Presently in Washington State, minors may obtain or refuse birth control services at any age without the consent of a parent or guardian but they are prohibited from purchasing soda pop in public schools.
Apparently relying on a few studies done by American College of Obstetricians and Gynecologists, 13 public schools in Seattle are now offering long-acting reversible contraceptives (LARCs) — IUDs and hormonal implants — to students as young as 11 years old.
While publications such as Salon applaud the move (See: “Seattle high school provides free IUD insertion on campus: “It’s not a hush-hush thing anymore””), it seems that the proponents of this policy tend to overlook that the American College of Obstetricians and Gynecologists considered and studied the use of IUD’s in adolescents aged 15-19; not children as young as 11.

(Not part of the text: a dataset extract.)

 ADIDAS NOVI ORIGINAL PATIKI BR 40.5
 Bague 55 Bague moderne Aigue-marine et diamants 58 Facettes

A few questions to ponder:
- If the age of consent in Washington State is 16, why are public schools offering IUD’s and hormonal implants to children as young as 11?
- Could the the State be seen as emboldening minors to engage in sexual intercourse? If so, could this affect future statutory rape cases?
- If Washington State Compulsory Education Law requires children between ages 8 and 18 to attend a public school, does it follow that parents of children in public schools forfeit their right to raise their children according to their own moral standards simply because they lack the time to home school them or the money to send them to private school?